Per il presidente del Movimento Cinque Stelle, Giuseppe Conte, "la Corte di giustizia dell’Unione europea dà un sonoro schiaffo al governo italiano spiegandogli che si può anche scrivere in un decreto legge l’elenco dei Paesi ritenuti 'sicuri' per i rimpatri. Ma siccome è materia su cui incide il diritto europeo, il giudice italiano ha comunque il dovere di valutare caso per caso e sulla base delle circostanze concrete se il Paese d’origine è davvero sicuro. La Corte di giustizia fissa un nuovo principio? Assolutamente no. La pronuncia era scontata, basta leggere un manuale di diritto europeo".

Angelo Bonelli, deputato di Alleanza Verdi e Sinistra e co-portavoce nazionale di Europa Verde, commenta: "La pronuncia della Corte di Giustizia dell’Unione europea sul protocollo Italia‑Albania e sulla designazione dei Paesi di origine sicuri conferma la totale illegittimità dell’impianto normativo voluto dal governo Meloni".

"La sentenza della Corte Europea di giustizia è un vero e proprio macigno sulle velleità del governo Meloni e della destra italiana di calpestare il diritto internazionale e il buonsenso - sottolinea Nicola Fratoianni di Avs - Erano pure arrivati a dire nelle aule parlamentari che i giudici che rispettavano la legge fossero degli eversori. Non era e non è affatto così". "Una pesante sconfitta senza appello - conclude il leader di SI - per chi ha orchestrato un’indegna campagna di propaganda sulla pelle di esseri umani".

Per il segretario di +Europa, Riccardo Magi, “la sentenza della Corte europea sul Protocollo Italia-Albania è la Caporetto di Giorgia Meloni e dovrebbe mettere fine al progetto di una Guantanamo italiana per la deportazione di migranti. Meloni e il governo sapevano che questo protocollo era stato redatto nella totale illegalità per questo hanno deciso di correre ai ripari cambiando preventivamente destinazione d’uso ai centri in Albania proprio per sfuggire agli effetti di questa sentenza".
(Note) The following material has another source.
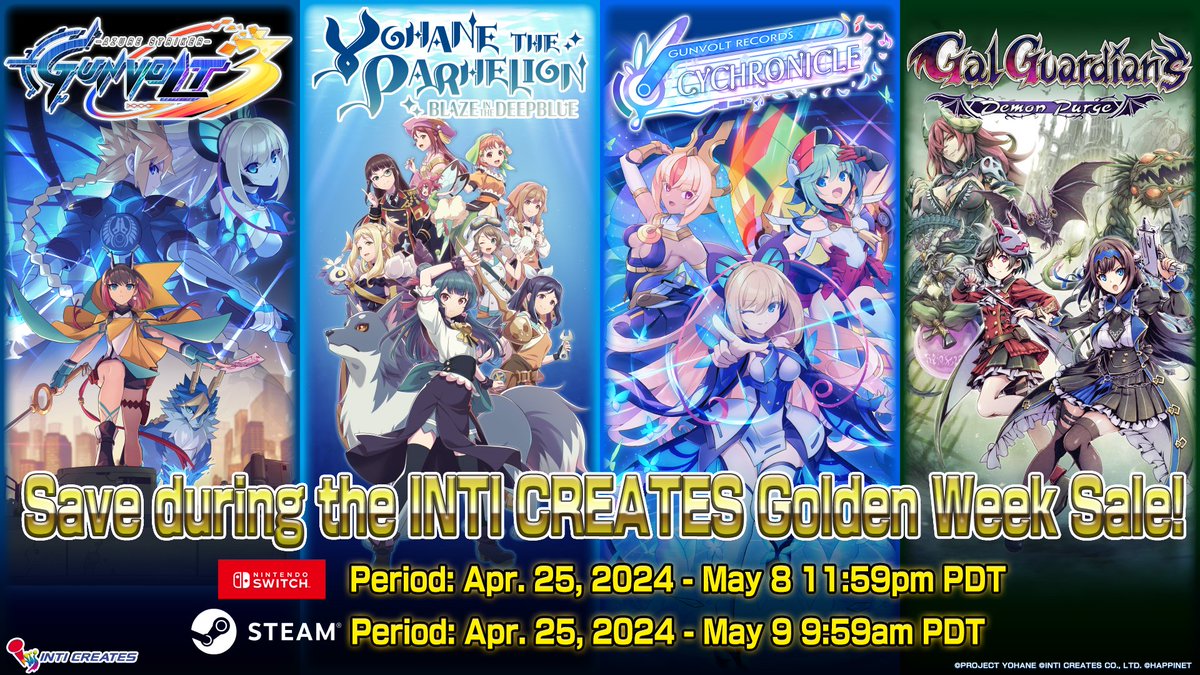 The INTI CREATES Golden Week sale has started! Even outside Japan, you can celebrate this holiday week with us by saving on INTI CREATES games on Steam and Switch! *Switch sale begins tomorrow. Steam catalog: store.steampowered.com/developer/INTI… eShop catalog: nintendo.com/us/search/#q=I…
Matteo Renzi interviene con una nota: "Giorgia Meloni sta sprecando in Albania centinaia di milioni di euro del contribuente nonostante che i giudici di tutto il pianeta le stiano dando torto. È sempre più assurdo! Spero che adesso finalmente si fermi. Anche perché i prossimi giudici che si occuperanno del caso saranno i giudici della Corte dei Conti. E lì, come noto, i politici rispondono personalmente".

Mons. Gian Carlo Perego, presidente della Commissione Cei che si occupa dei migranti nonché presidente della fondazione Migrantes, con l’Adnkronos riflette sul senso della decisione della Corte europea. “L’ennesima sconfessione della politica migratoria del governo viene dalla Corte di giustizia europea, che condanna la possibilità di utilizzare i centri in Albania perché non garantiscono la tutela dei richiedenti asilo”, dice Perego che parla di "uno spreco di risorse impressionante, si aggira attorno al miliardo il costo dei centri in Albania, che alla fine saranno un regalo al governo albanese, come lo fu, in altri tempi, la realizzazione di un carcere per trasferire gli albanesi presenti nelle carceri italiane”. “Il balletto di decreti e di leggi per utilizzare come hub, come centri di accoglienza e come Cpr le strutture costose realizzate in Albania - osserva Perego - termina con questa dichiarazione della Corte europea che ormai non lascia margini ad altre, subdole manovre per allontanare il dramma di migranti in fuga dai nostri occhi e dalla nostra responsabilità costituzionale”.